Wednesday, November 25, 2015

'The writing makes me whole again'

As I noted in a recent post [A kitchen accident, November 13], I discovered that my short-term memory is even less reliable than I had assumed. The accident, which ended up destroying a large Pyrex lid, was recalled by Paula and me in very different ways. In my version, it was Paula who discovered the red-hot burner, turned it off, and poked the Pyrex top with a dinner knife, causing the top to disintegrate. But Paula was not even in the room at that time. She had helped out with the peeling and cutting of a small pumpkin, the central ingredient in our dinner, then left the room to attend to other matters. The glass lid had shattered in the kitchen sink when I apparently immersed it in cold water.
When Paula proofread the blog post a couple days later, her reaction to my memory of events was halfway between amusement and horror. The most charitable interpretation is that a prosecuting attorney might want to think twice about calling me to testify–unless his intent was to mislead the defense.
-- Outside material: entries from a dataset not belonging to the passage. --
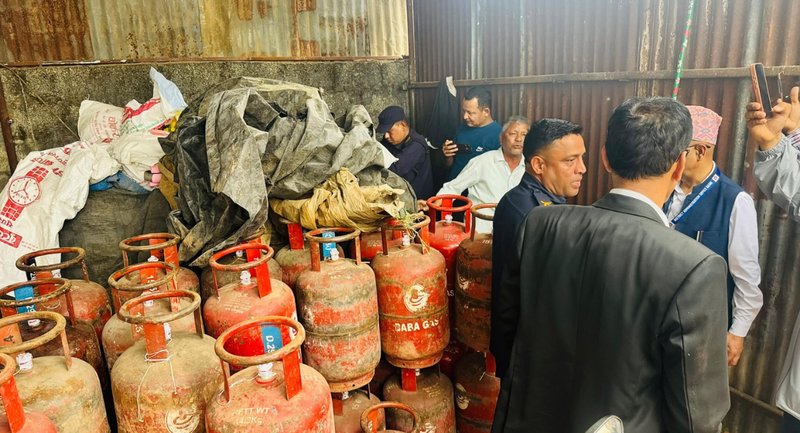 पोखरामा ग्यास लुकाउने र रिफिल गर्ने भण्डारी ट्रेडर्सलाई ५० हजार रुपैयाँ जरिवाना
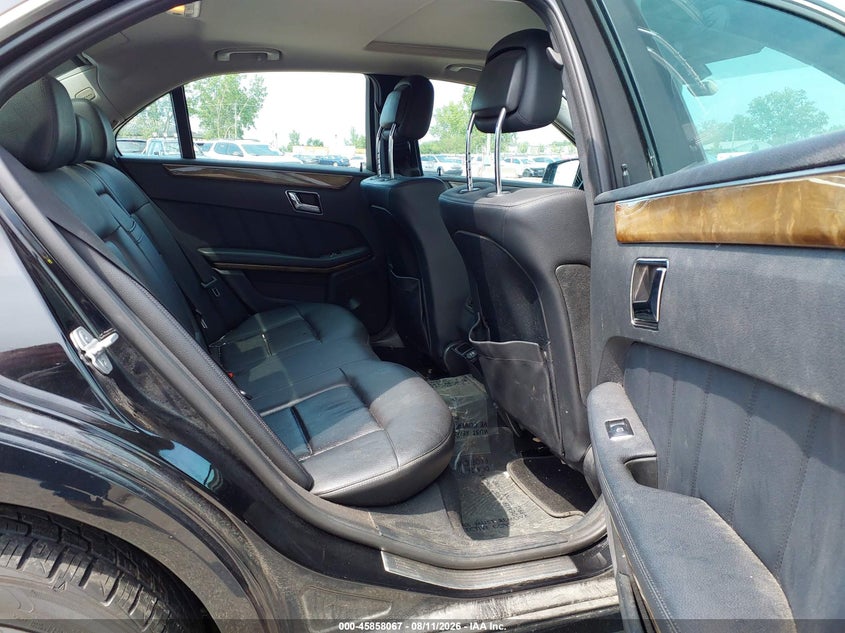 2011 Mercedes-benz E-class VIN WDDHF5GB8BA266309 IAAI salvage auction — NORMAL WEAR, Clear (Illinois), sold $1,125 on 2026-08-17 (photo 8)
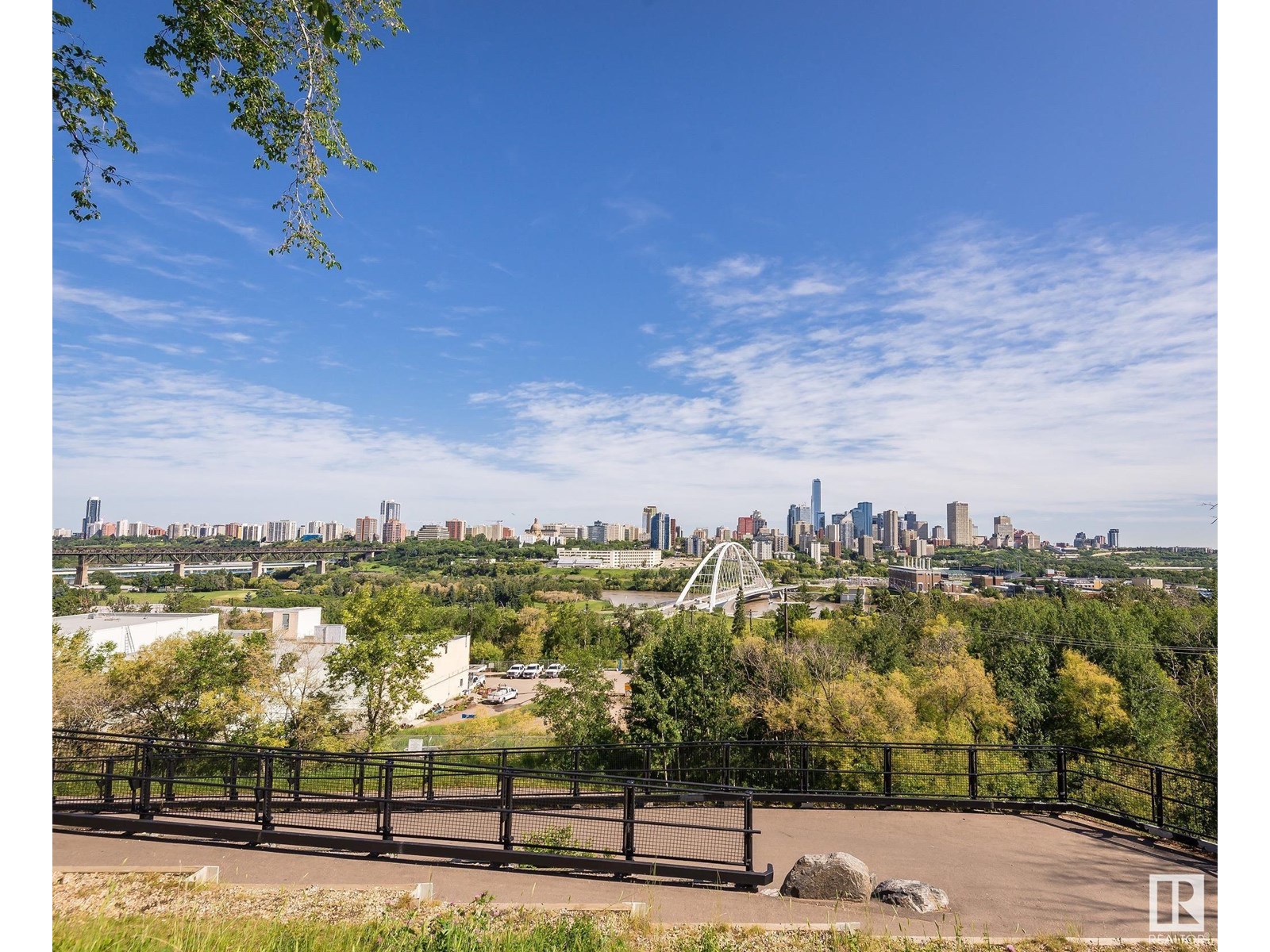 Photo 39 of 10922 84 Av Nw, Edmonton AB
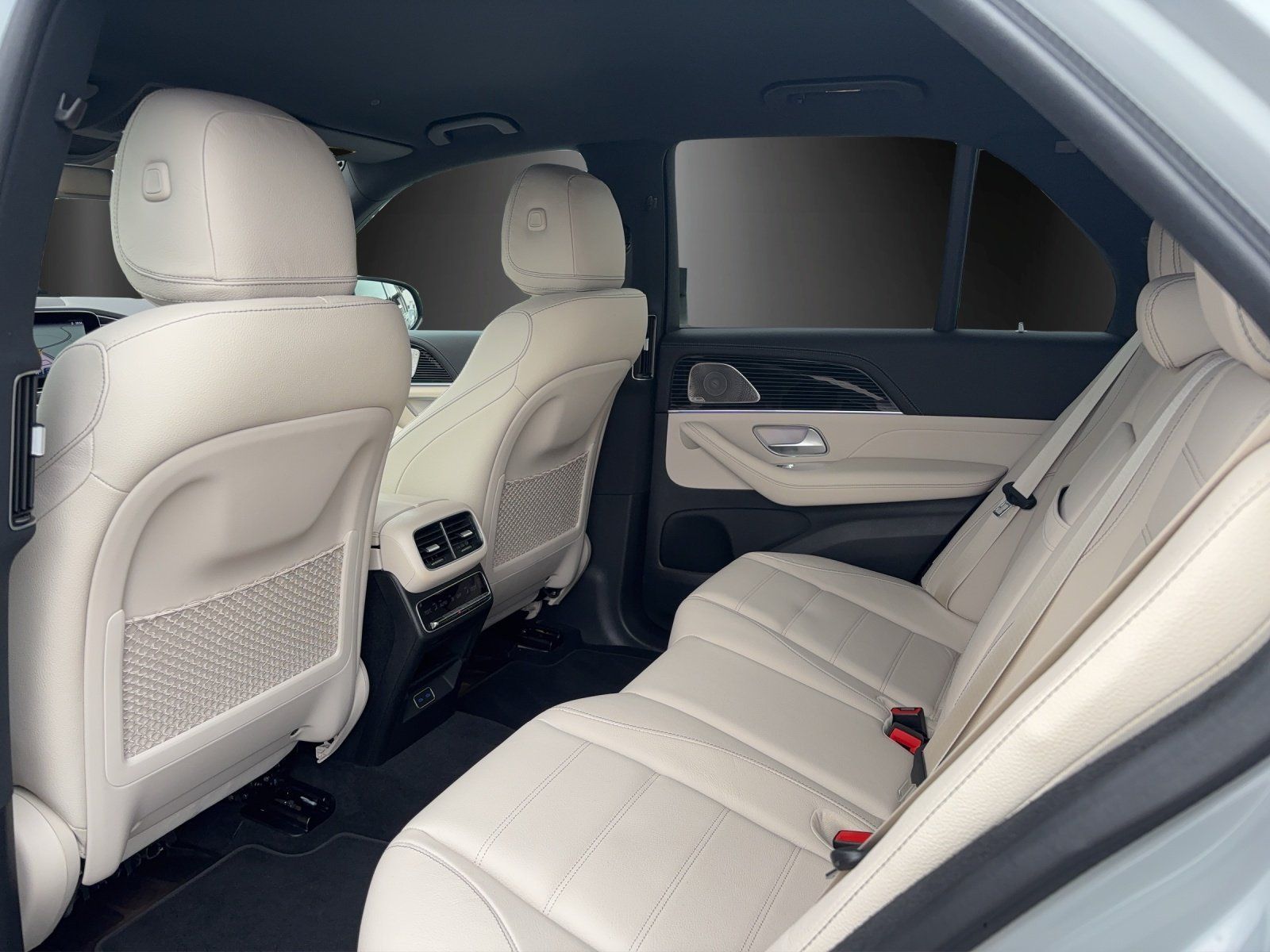 Fahrzeugabbildung Mercedes-Benz GLE 450d AMG Adv+ E-ACTIVE Night DISTRO Memo HUD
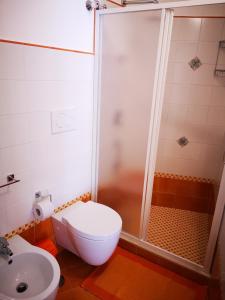 uma casa de banho com um chuveiro, um WC e um lavatório. em Fior d'Arancio em Amalfi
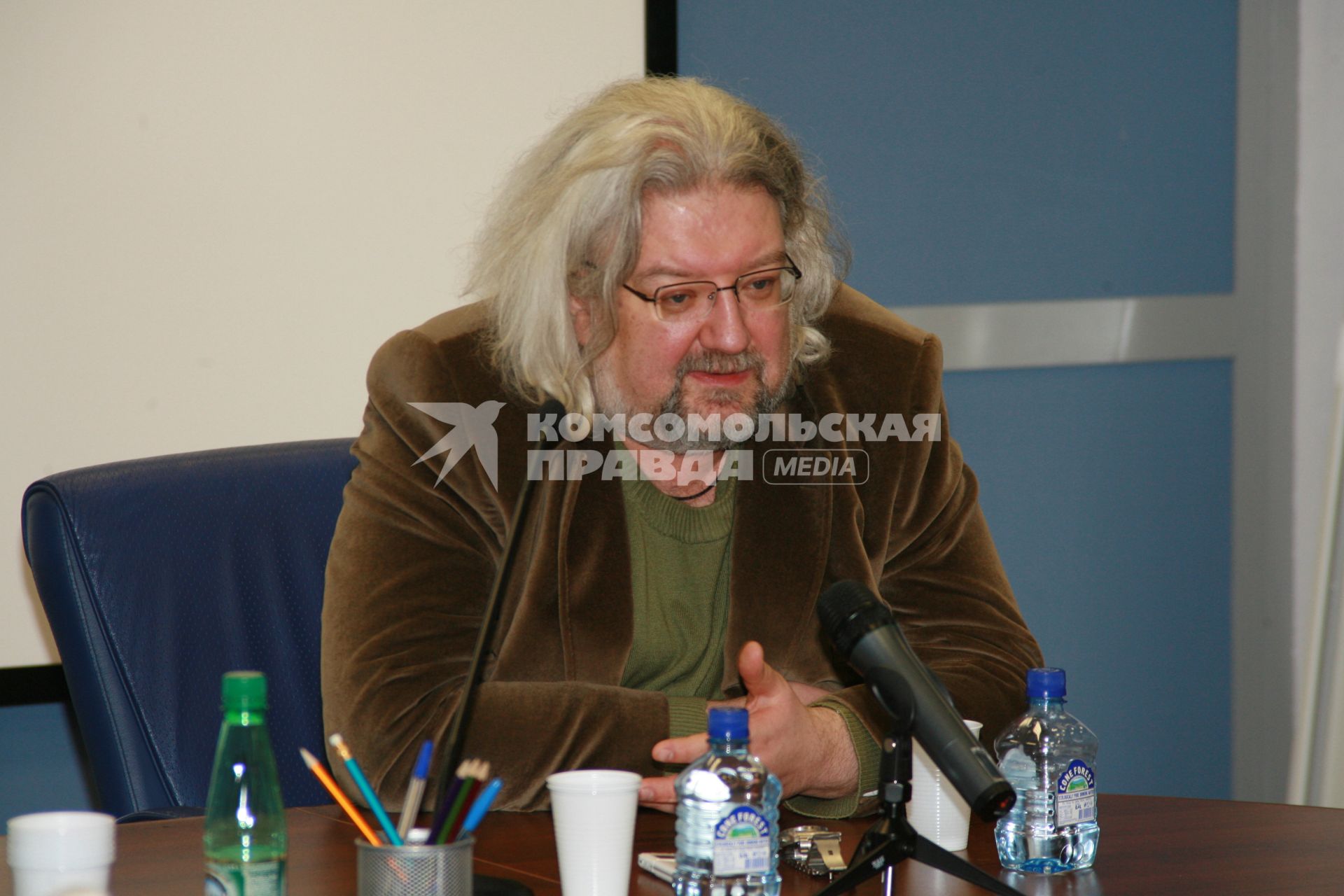 11 февраля 2010 года. Телеведущий Андрей Максимов.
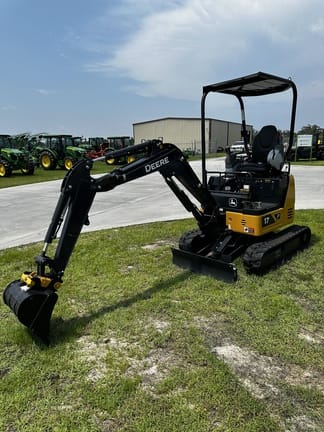 2025 John Deere 17P Equipment Image0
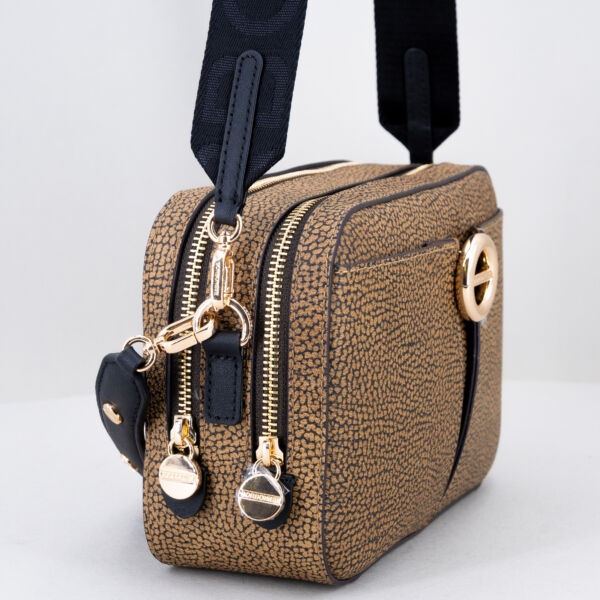 Borbonese camera case op natural e dettagli in nero. Con tracolla regolabile e removibile ed elegante spallaccio in pelle tono su tono con borchie applicate. Stefano Ascari Spilamberto (Mo). Borsa Borbonese fotografata di lato.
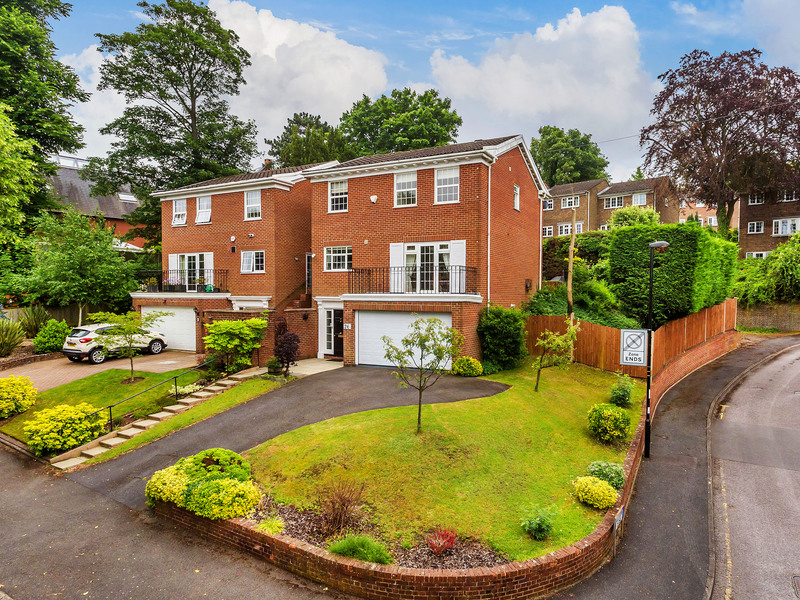 4 bed House - Detached For Sale in Purley, Surrey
One of the odd things about Alzheimer’s is that someone can have a piss-poor short-term memory and still write as well as ever, though at a slower pace. This is less surprising in my case, since I’m still at an early stage of the disease. But the book I recently read by Greg O'Brien, On Pluto: Inside the Mind of Alzheimer’s, is a revelation and an inspiration.
The revelation is that as this illness follows its meandering path, some people are able to tap into what is called “cognitive reserve” – the ability to maintain core professional and vocational competencies. In O’Brien’s case–and in mine–that core competency is writing.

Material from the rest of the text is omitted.